Sunday, August 23, 2020

Unusual nightime diversion

 Unusual things I sometimes think about at night when I can't sleep.

I don't always sleep too well waking up many times during the night and I have a portable radio on the bedside with a under the pillow speaker and a little switch that I can turn it on and off.  If you by any chance have a little bit of insomnia and choose to listen to the radio.  You will quickly find out that the choices of subject matter are rather limited.  Some people enjoy music and that helps them go back to sleep, I'm not one of those people.  So, I search for talk radio and that to is rather limited.  There are only so many stations that you can listen to to where they have infomercials which explain to you the great value of whatever snake oil and/or elixir.  They are currently selling.  What I have been relegated to is various forms of talk radio.  Although I do have an Internet radio and can listen to stations far and wide.  There seems to be two main products.

There is the Rush Limbaugh, Sean Hannity, Mark Levine, Hugh Hewitt, Michael Medved, Laura Ingram, Glenn Beck and Michael Savage.  All of these are news of the day, politics, and of course all of these are conservative as I am.  I don't hunt for or listen to the very small group of liberal talk show radio host.  I've had my fill of socialism discussion.

The second group, which I find myself listening to.  Probably more often than I really want to consist of what is sometimes called the late-night paranormal programming.  Coast-to-coast a.m. was one of the most popular and was created by Art Bell after he bought a small radio station in Pahrump, NV and searched for a format for late-night listening.  The program over time morphed into a rather wide subject matter format that went all the way from listener call-in open format.  Art Bell conducted the program from a small studio he had in his house and he had no call screener and everything was live.  Sometimes it got interesting.  His primary format was interviewing personalities, which also had a very wide range of expertise and subject matter.  Among what I would consider kooks that talked about all kinds of  aliens, mystic time travelers, alien abduction, Sasquatch, chupacabra, which is supposed to be some kind of weird four-legged type will dog that is seen on the highways normally reported in the far West deserts.  And of course, the incident at Roswell, New Mexico back in the 40s were supposedly a space craft crashed and bodies were recovered of little gray beings which were supposedly autopsied and whisked away to disappear somewhere at Wright-Patterson Air Force Base, Ohio, and the cover-up conspiracy that was associated with.  Conspiracy theories abound.

Sometimes it makes you wonder where some of these guest that he interviews make a living.  Art Bell died in 2019 and the program was taken over by George Norry who does not have quite the talent.  Art Bell had to at least make some of this stuff interesting.  Surprisingly, I have found rebroadcast of the art Bell version of coast-to-coast a.m. on the Internet radio.  When all else fails, I can tolerate some of that long enough to go back sleep.

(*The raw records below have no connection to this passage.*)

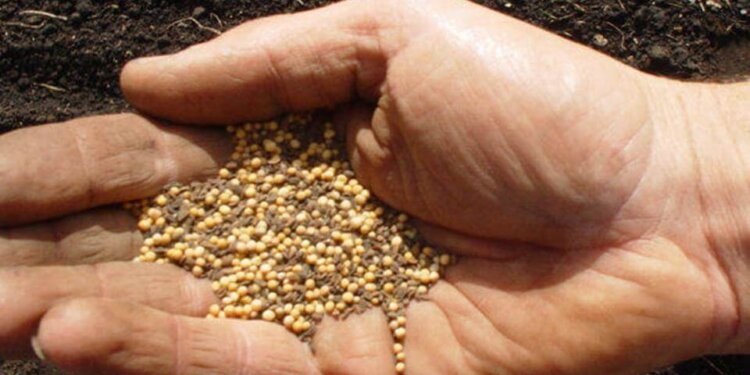 La crisis es la madre de todos los inventos.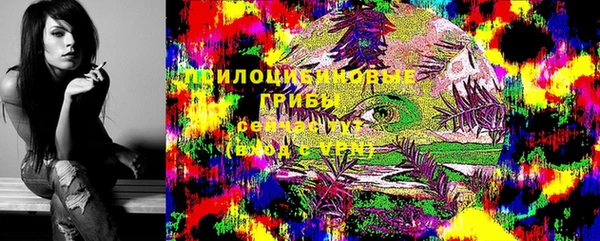 мдпв Володарск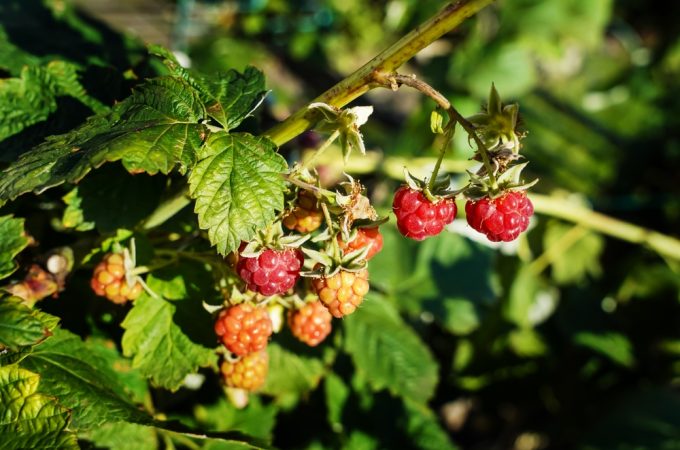 Why Are Your Raspberries Drying Up Before They Ripen?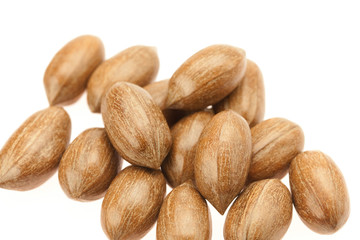 Pecan isolated on white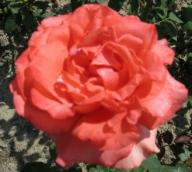 Rose Kammers&auml;nger Terkal Foto Brandt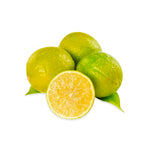 Pakistani Fresh Citrus Limetta (Shakri)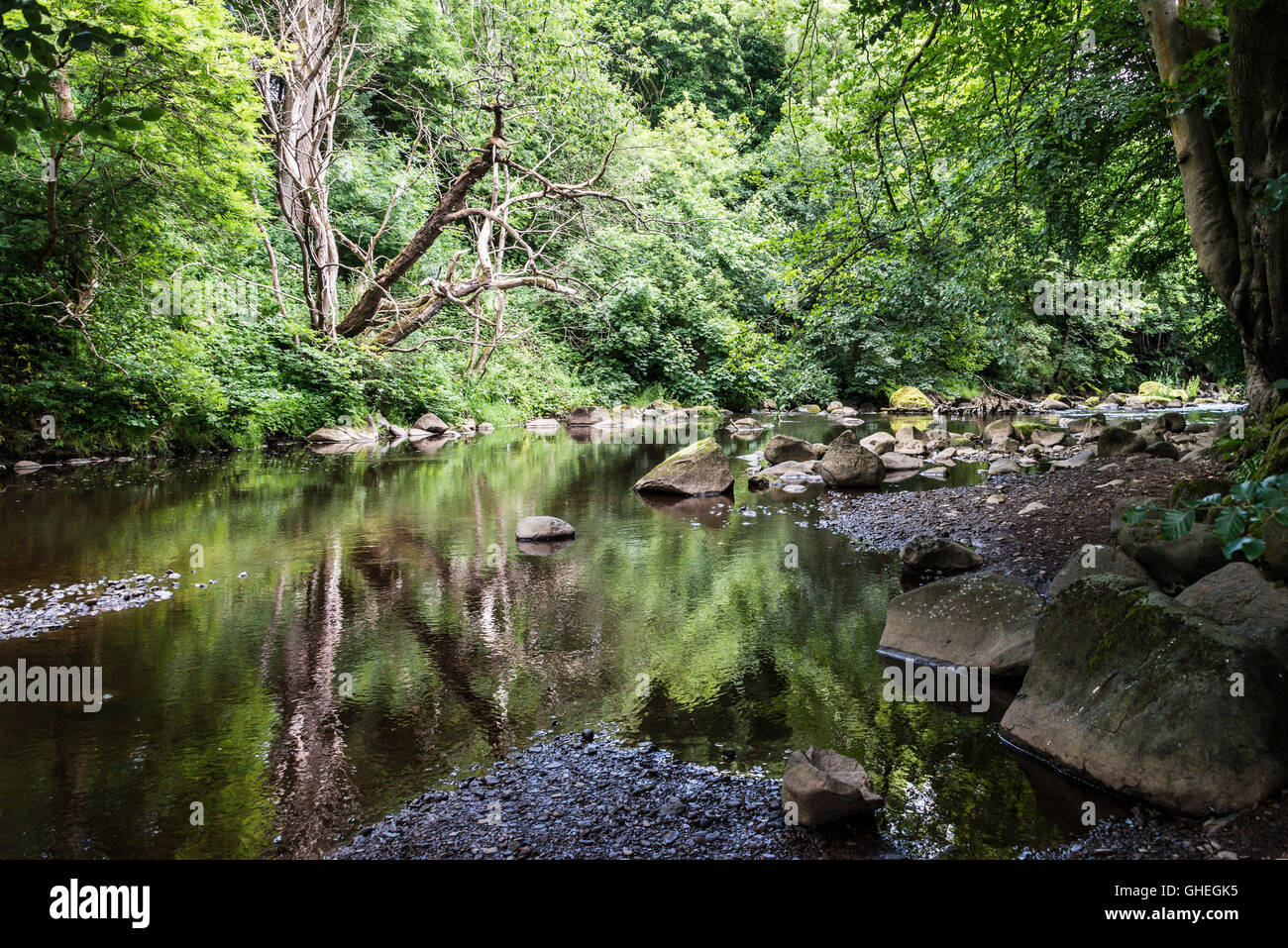 Arbre mort reflète dans l'eau de la rivière d'amandes, de Livingston, en Écosse Banque D'Images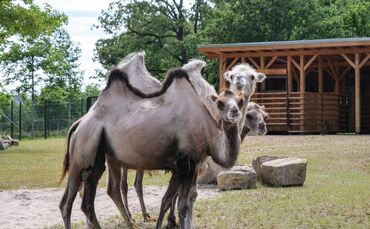 Wilhelma Eröffnung der Asiatischen Huftieranlage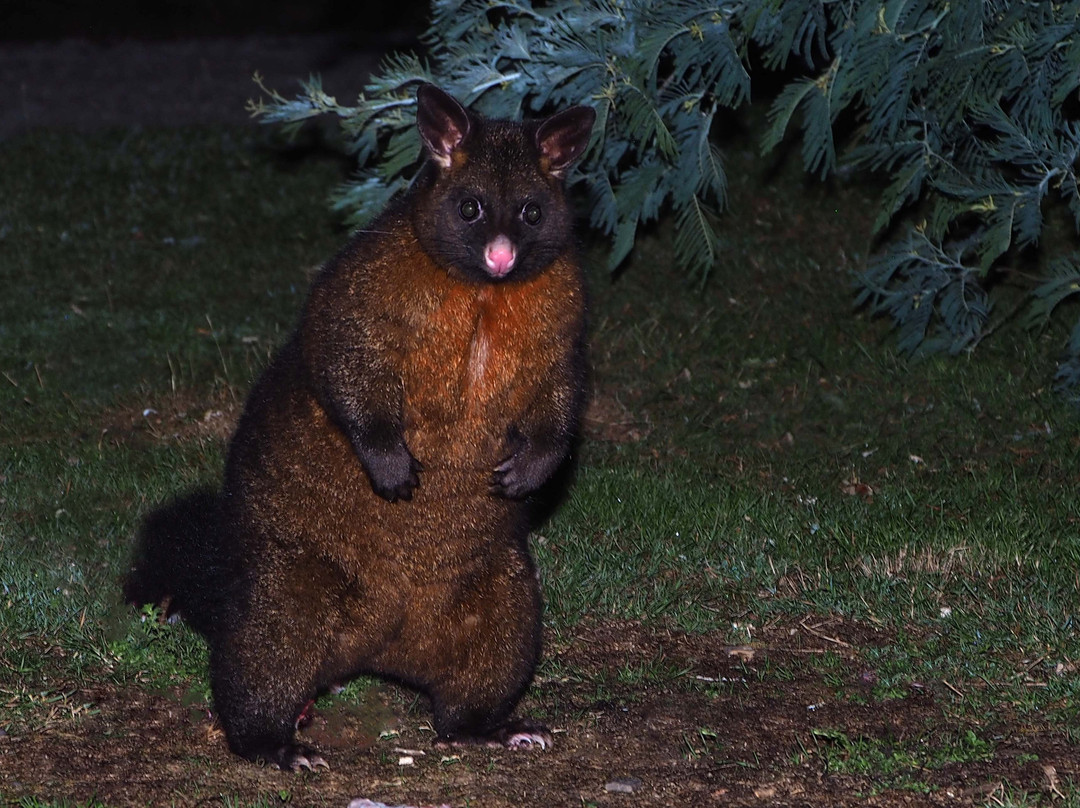 Mountain Valley Wilderness Holidays主图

Interspersed with all of this caca talk occasionally includes some very reputable interviews. Dr. Michio Kaku, a very reputable physicist intelligently discusses black holes, time travel, hyperspace, string theory, antimatter, dark matter, and other subjects which I think are well above the mental level of the average listener to this particular program.  However, he thinks outside of the box and intellectually considers concepts that I have not thought of.

Occasionally one of the guest host will be the son of Kelly Johnson who created and operated the skunk works for Lockheed Martin aircraft company.  You may recall that that was where the U-2 spy plane was invented along with the SR 71 and its predecessor. I believe it was called the YF 12 which was a fighter version
of the same airplane.  It did not last long, but the SR 71 is a classic.  The skunk works is still active.  Having produced a number of the stealth airplanes which we saw in the Gulf War.  Those interviews are usually interesting to listen to.